## The problem:
Using the records below, write out only the lines from the line containing "Photo of Livingroom in Westwood Plateau" up to and including the line containing "Adidas Vintahe Adidas", exactly, with no pictures.

## Records:
* * * * * * *
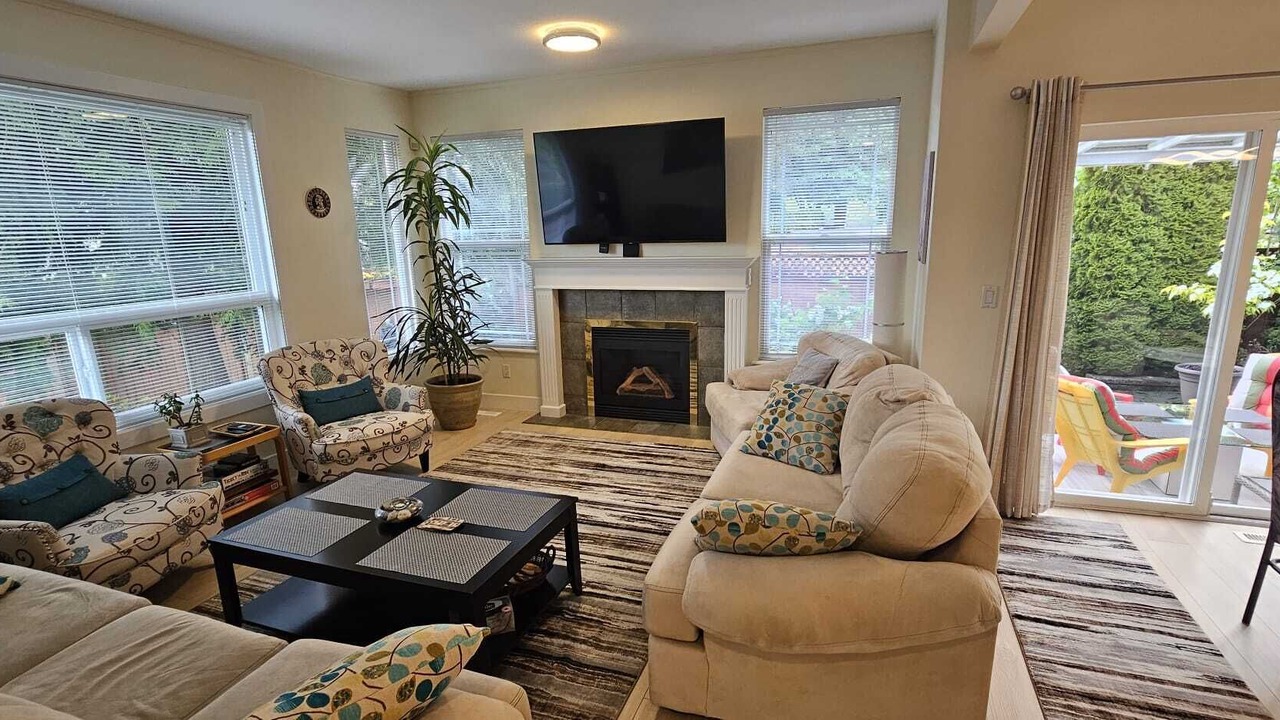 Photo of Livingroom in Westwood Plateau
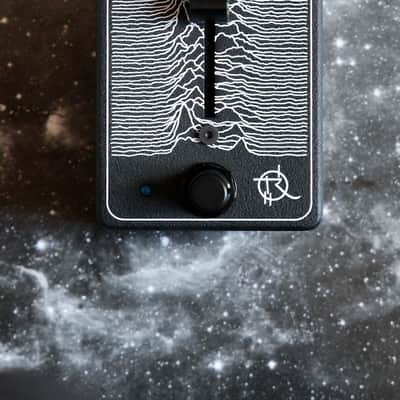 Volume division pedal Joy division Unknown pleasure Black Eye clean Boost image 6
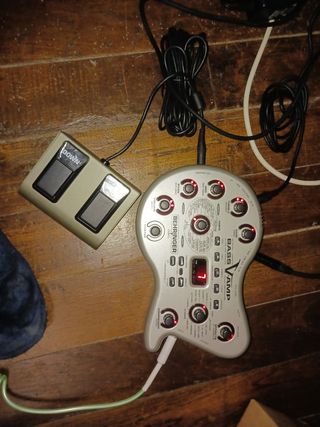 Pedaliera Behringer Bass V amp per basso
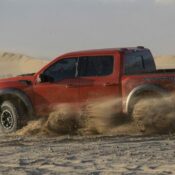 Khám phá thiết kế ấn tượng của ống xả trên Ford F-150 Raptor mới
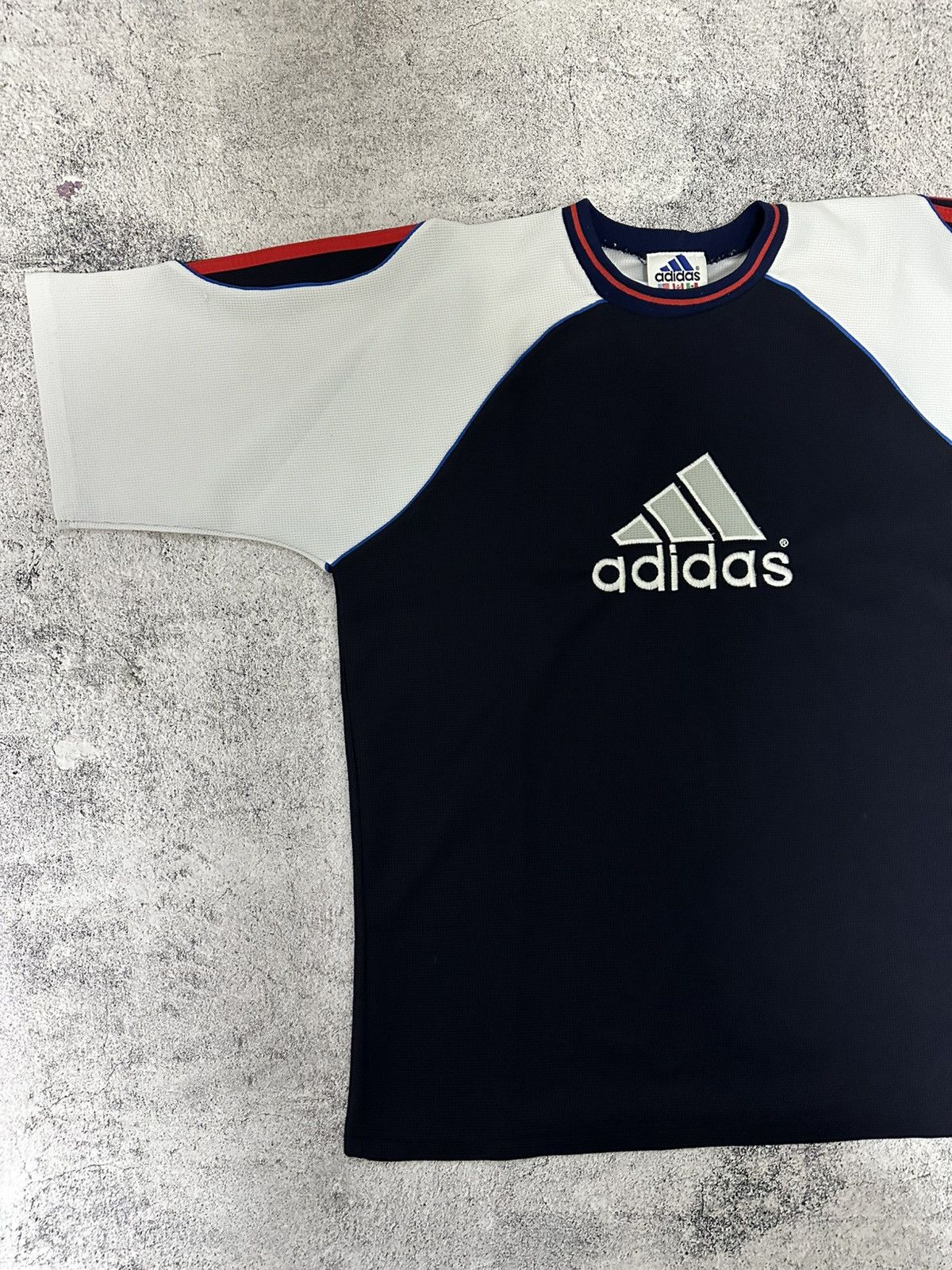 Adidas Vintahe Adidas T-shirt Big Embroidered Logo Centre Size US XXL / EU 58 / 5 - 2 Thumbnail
* * * * * * *
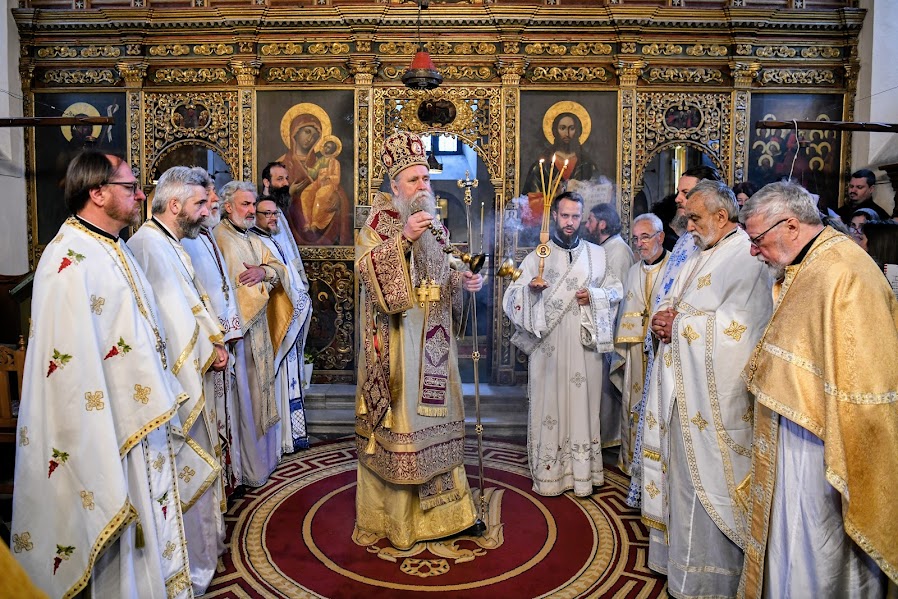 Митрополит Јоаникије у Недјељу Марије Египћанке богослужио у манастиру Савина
* * * * * * *
## Response for this exercise:
 Photo of Livingroom in Westwood Plateau
 Volume division pedal Joy division Unknown pleasure Black Eye clean Boost image 6
 Pedaliera Behringer Bass V amp per basso
 Khám phá thiết kế ấn tượng của ống xả trên Ford F-150 Raptor mới
 Adidas Vintahe Adidas T-shirt Big Embroidered Logo Centre Size US XXL / EU 58 / 5 - 2 Thumbnail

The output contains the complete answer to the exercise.